## Raw data:
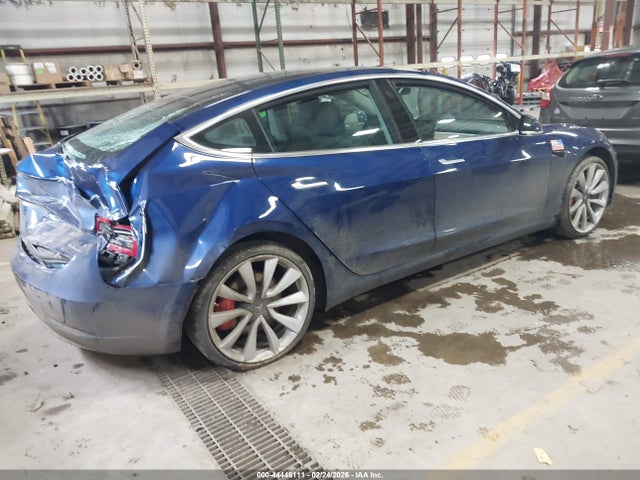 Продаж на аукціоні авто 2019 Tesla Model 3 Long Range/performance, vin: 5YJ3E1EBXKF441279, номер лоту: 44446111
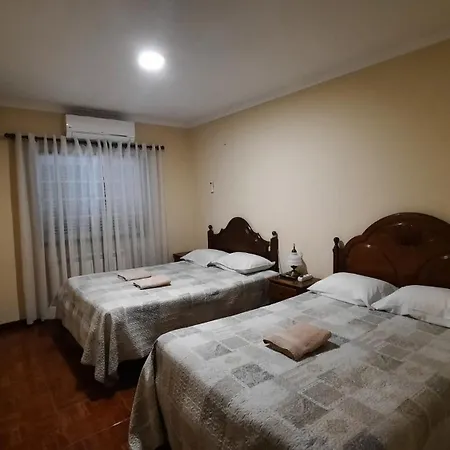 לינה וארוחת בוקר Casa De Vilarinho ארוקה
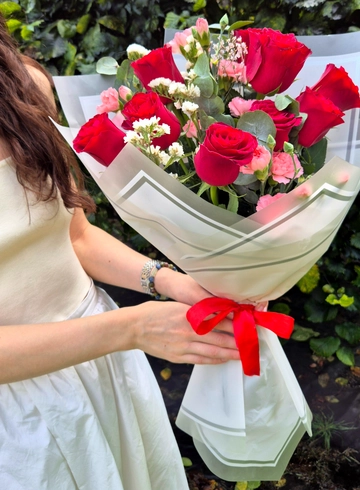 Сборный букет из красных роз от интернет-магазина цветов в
---
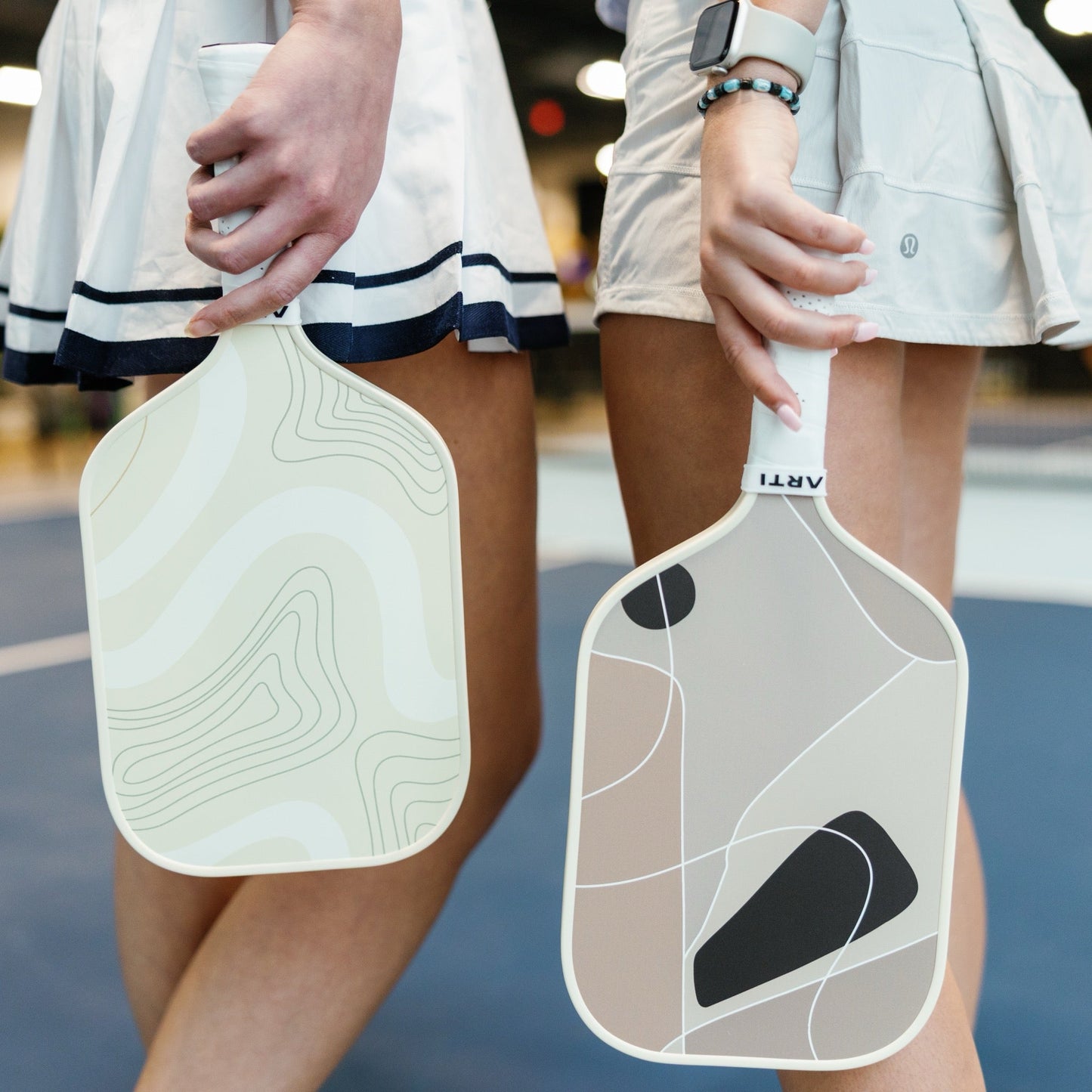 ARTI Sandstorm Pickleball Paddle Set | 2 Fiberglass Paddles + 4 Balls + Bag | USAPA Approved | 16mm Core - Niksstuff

## Task description:
Would you set down only the lines above from the line with "Продаж на аукціоні" to the line with "Сборный букет из", both included, exactly as they stand and without the pictures?

## Final answer:
 Продаж на аукціоні авто 2019 Tesla Model 3 Long Range/performance, vin: 5YJ3E1EBXKF441279, номер лоту: 44446111
 לינה וארוחת בוקר Casa De Vilarinho ארוקה
 Сборный букет из красных роз от интернет-магазина цветов в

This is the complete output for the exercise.